Sulseltimes.com, Jakarta, Rabu, 16 September 2026 — Uang Rp106,3 miliar yang diamankan KPK dalam OTT perkara dugaan suap pengurusan HGB Summarecon di Kabupaten Bogor dikaitkan dengan Menteri ATR/Kepala BPN Nusron Wahid, tetapi KPK menegaskan asal-usul dan kepemilikan dana tersebut masih didalami penyidik.
- KPK mengamankan barang bukti sekitar Rp106,3 miliar
- Informasi yang beredar mengaitkan sebagian uang dengan Nusron Wahid
- KPK belum mengonfirmasi kepemilikan uang tersebut
- OTT berkaitan dengan pengurusan HGB Summarecon di Kabupaten Bogor
- Delapan orang telah ditetapkan sebagai tersangka
Komisi Pemberantasan Korupsi menyatakan penyidik akan menelusuri temuan uang dalam operasi tangkap tangan yang digelar di wilayah Jabodetabek pada Senin, 14 September 2026.
Informasi yang berkembang menyebut sebagian uang yang ditemukan di kediaman mantan Bupati Kebumen Arif Sugiyanto di kawasan Cibubur dikaitkan dengan Nusron Wahid.
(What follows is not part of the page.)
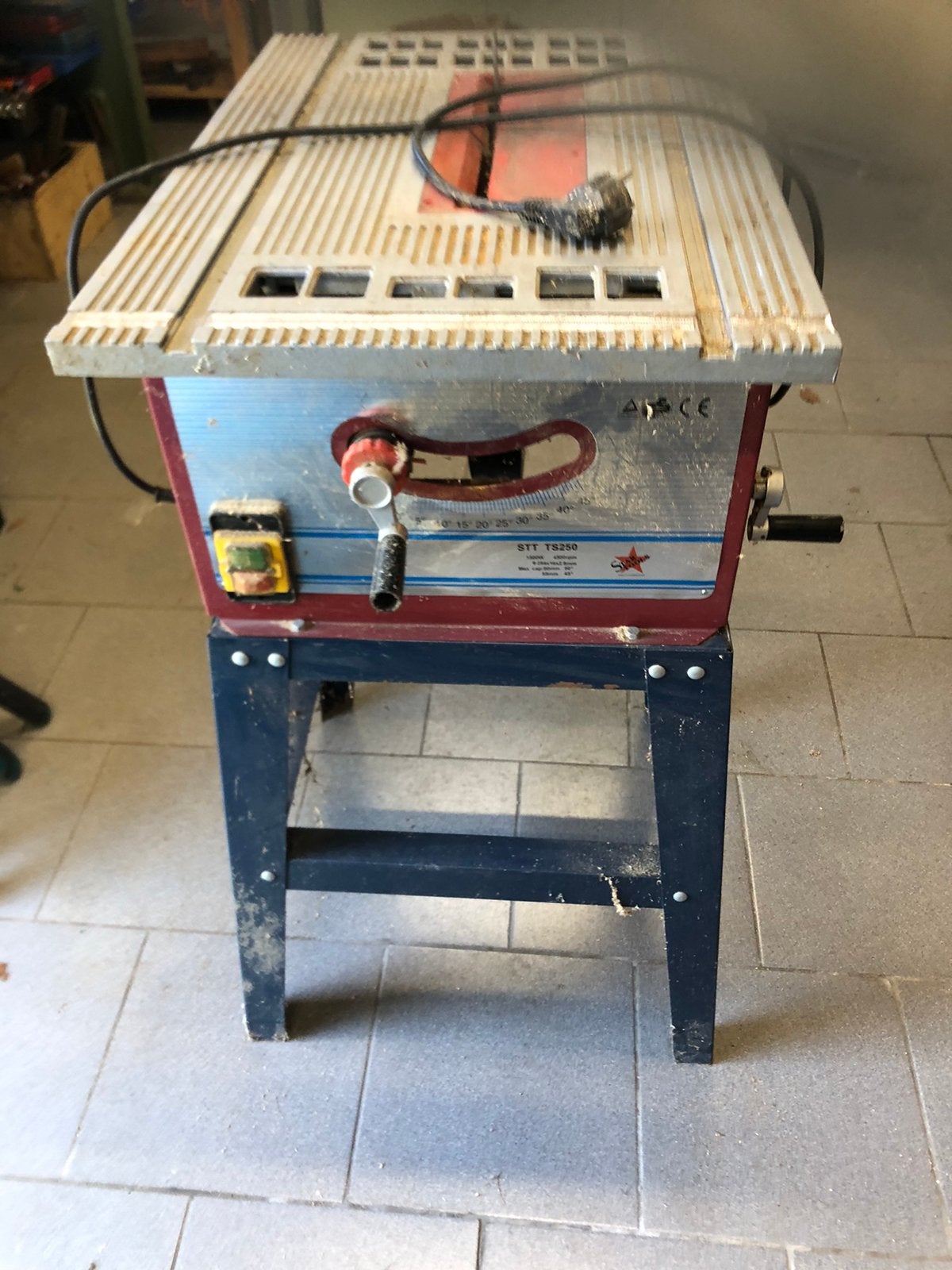 Scie cirrculaire, Bricolage & Construction, Enlèvement, Comme neuf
Namun, hingga keterangan resmi yang tersedia, KPK belum menyatakan uang tersebut milik Nusron.
Juru Bicara KPK Budi Prasetyo mengatakan penyidik akan mendalami temuan uang tersebut dalam proses penyidikan.
“Penyidik tentu akan melakukan pendalaman terhadap temuan uang-uang tersebut,” kata Budi Prasetyo.
KPK Sita Barang Bukti Sekitar Rp106,3 Miliar
KPK mengungkap barang bukti yang diamankan dalam perkara ini mencapai sekitar Rp106,3 miliar.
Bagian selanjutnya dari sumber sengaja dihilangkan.